<<<-salva o stampa il file, leggerai con più comodo

.

.

.

.

.

.

.

.

.

.

.

.

.

 

 

Lettera aperta al mons. Vescovo di Como sullo sciopero


Valerio Dalle Grave

Eccellenza,

 

Mi è capitato di leggere (in ritardo) il Suo articolo, pubblicato da ”Il Giornale” del 17 aprile scorso, : “perché la Chiesa non condanna le bugie del sindacato sull’articolo 18?”. Sicuramente il  titolo altisonante e provocatorio è opera della redazione, ma il contenuto dell’articolo è tutto Suo (firma a parte).
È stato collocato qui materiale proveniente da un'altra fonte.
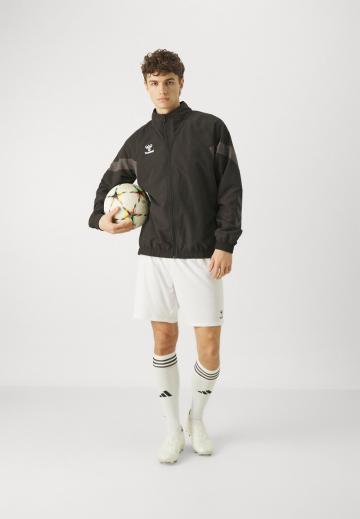 Спортивная куртка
Lo stimolo sarebbe quello di rispondere per le rime all’articolista, in considerazione, anche, dell’orientamento politico del quotidiano in questione, ma io non posso dimenticare che Lei, eccellenza, è il mio vescovo.

Il Pastore al quale mi rivolgo per avere lumi sul significato temporale ed escatologico del messaggio Evangelico, e dal quale mi aspetto sempre parole di conforto e  di misericordia per le mie debolezze, nonché di  incoraggiamento, anche di critica (quando è necessaria), di sprone comunque,   a compiere sempre il mio dovere di Cristiano nello svolgersi del diuturno lavoro con i fratelli.
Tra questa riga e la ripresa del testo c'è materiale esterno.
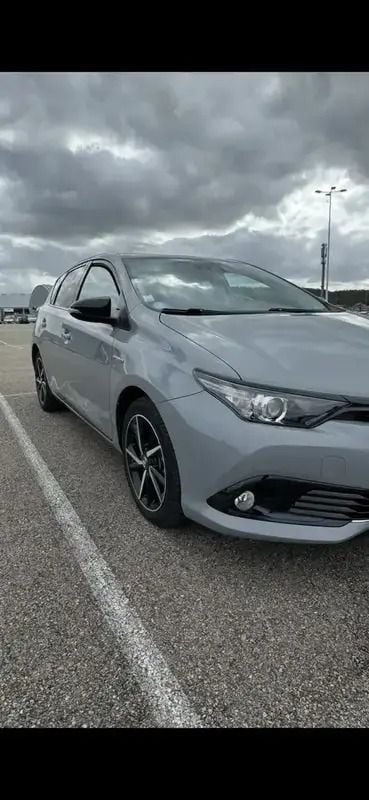 Gris Utilisé 2018 Toyota Auris Hybrid Executive Berline | 12 000 € (Bon prix) - Image 1/4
Dalla lettura dell’articolo in questione invece, rilevo che Lei, a causa dello sciopero generale del 16 aprile, mi  ha processato, giudicato e condannato con l’appellativo di “bugiardo” (ci mancava la scomunica).

Quelle sue affermazioni, così perentorie e senza appello, mi hanno turbato. Si, perché io mi immedesimo con la dirigenza del sindacato al quale appartengo e nel quale milito da ormai più di cinquant’anni: la CISL, che ha proclamato assieme a CGIL, UIL e altri  sindacati, quello sciopero.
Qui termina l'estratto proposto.